Summary
having been informed by debtor's counsel that filing of bankruptcy was imminent, creditor should have contracted bankruptcy court immediately before repossession of automobile to determine whether bankruptcy petition had indeed been filed
Summary of this case from Matter of CarterOpinion
Bankruptcy No. 80-00644.
June 5, 1980.
John T. Barga, Tiffin, Ohio, for debtor-movant.
Roger W. Hafford, Fremont, Ohio, for creditor.
MEMORANDUM OPINION AND ORDER
This cause came on for trial on the Debtor's Request For Sanctions and the Application of Creditor to Abandon Property.
Trial having been held with John T. Barga, Attorney for Debtor, and Roger W. Hafford, Attorney for Creditor, present and exhibits and testimony of witnesses introduced, the Court finds the following:
1.) That the violation of The Liberty National Bank of Freemont, Ohio, of stay order under Section 362 of the Bankruptcy Code in repossessing the automobile owned by the Debtor after the filing of bankruptcy was not made with malice nor was it willful and wanton.
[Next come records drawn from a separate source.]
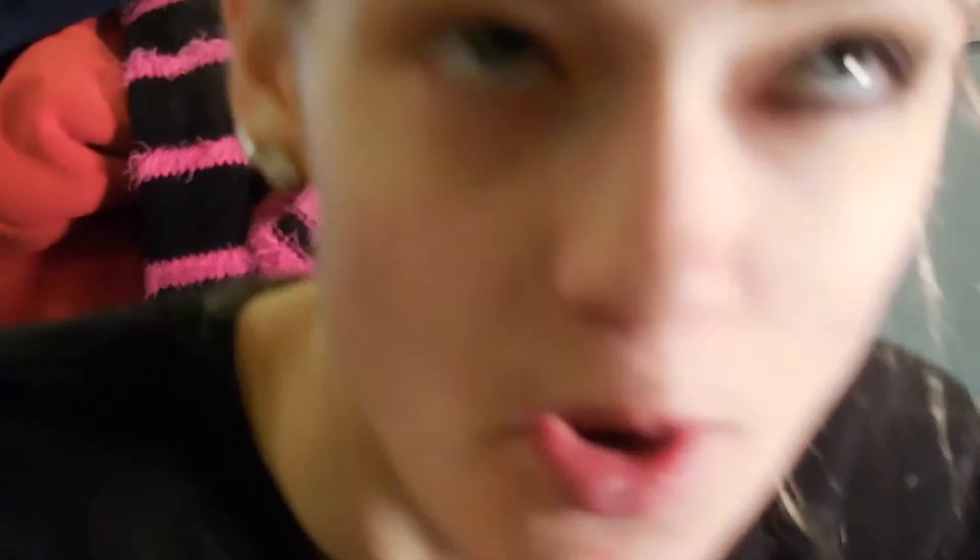As usual we're going to prime our eyes with the eyeshadow potion from Urban Decay — it's the only primer I own because I refuse to buy anything else. Then we're going to set that primer with our Patty Dubroff perfect palette in the color bare, making sure to highlight underneath our brows first and working around the rest of the lid. Zipping through that because it took me 17 years.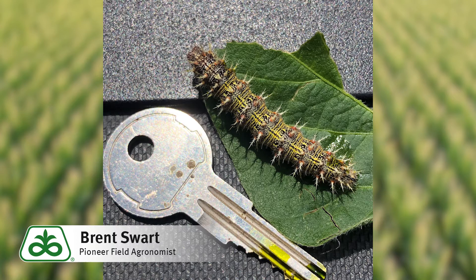The larval form of the thistle caterpillar is the stage in the caterpillar's life cycle that does the most damage to soybean fields in the state of Iowa. The larval form is seen here with black and yellow banded coloration around the body of the larva, with a spiky type hair formation on the body that makes it easy to distinguish in the field.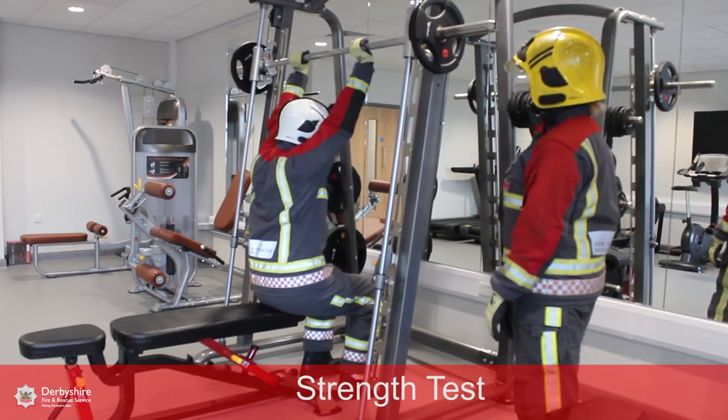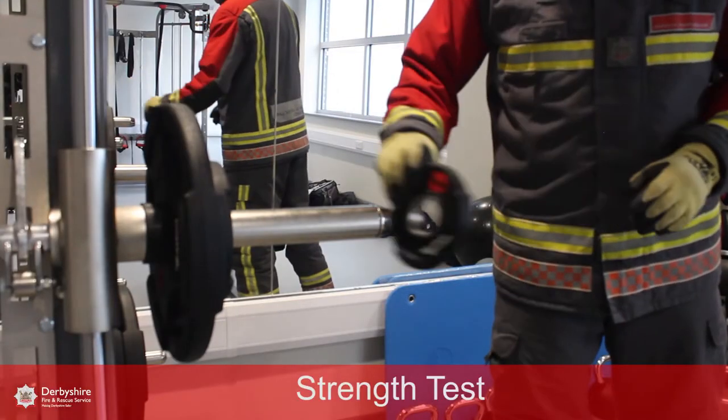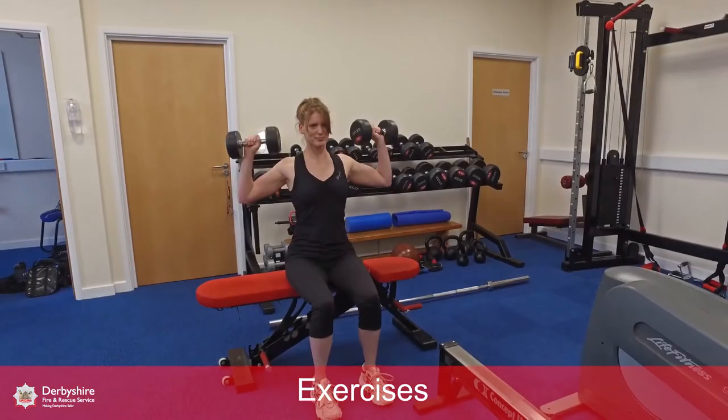This is the ladder lift test. In order to complete the test successfully, you will need to combine upper and lower body strength and demonstrate coordination to lift the weight to the required height and lower it safely under control.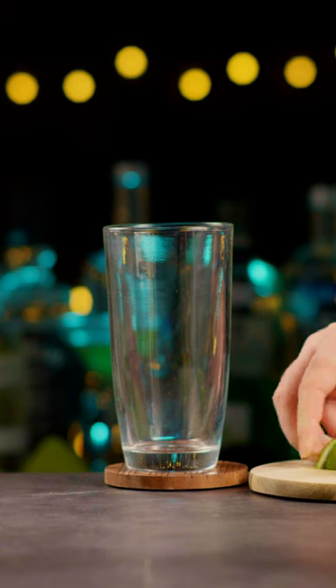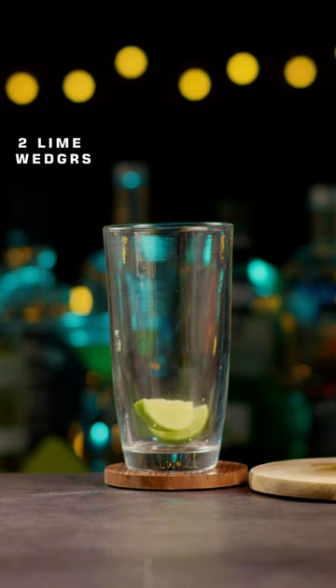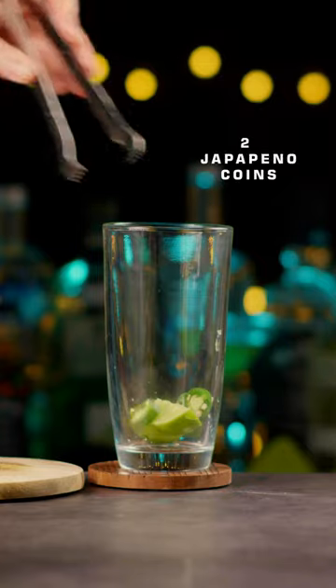Did you know how to make a spicy margarita? In a cocktail shaker, add 2 lime wedges and 2 jalapeño coins.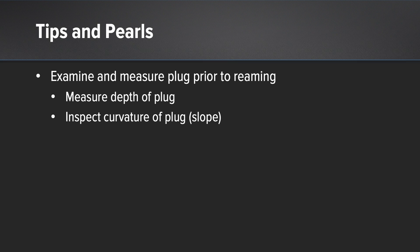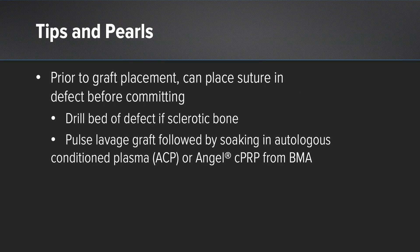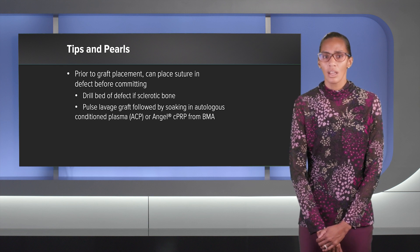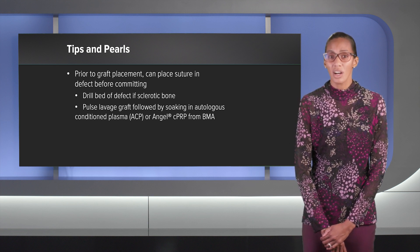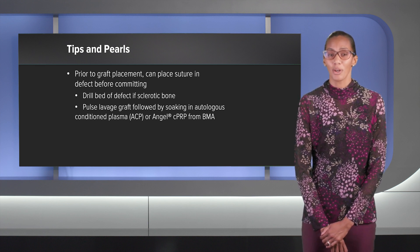Tips and pearls for using these pre-cut core allografts: really want to reiterate that you examine, inspect, and measure that graft before you start reaming. The goal is to place the graft flush, so sometimes I'll ream just a touch more, about 0.5 millimeters on depth. For graft placement, if you don't want to commit, put a number two fiber wire suture in the defect and tamp the graft in lightly — if you don't like how it's going in, the suture lets you pull it out. I usually drill the bed of the defect if there's sclerotic bone to help healing, and really want to pulse lavage the backside of the graft. I usually soak it in ACP, but there is the option of using Angel PRP as well.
Nevertheless, the Bank, having been informed by Debtor's counsel that the filing of the bankruptcy was imminent, should have called the Court immediately before the repossession to determine if indeed a bankruptcy petition had been filed.
2.) Testimony by the Debtor was that the value of the car was less than the lien of the Bank.
Accordingly, it is ORDERED ADJUDGED AND DECREED that:
(1) the automobile is to be abandoned to the Bank as previously ordered;
(2) the Bank is to remove all personal property and return it to the Debtor who will give a receipt therefor;
(3) the Bank is to pay the following damages of a violation of the stay order:
A.) To the Debtor — $50.00.
B.) To the Attorney for the Debtor for attorneys fees — $225.00.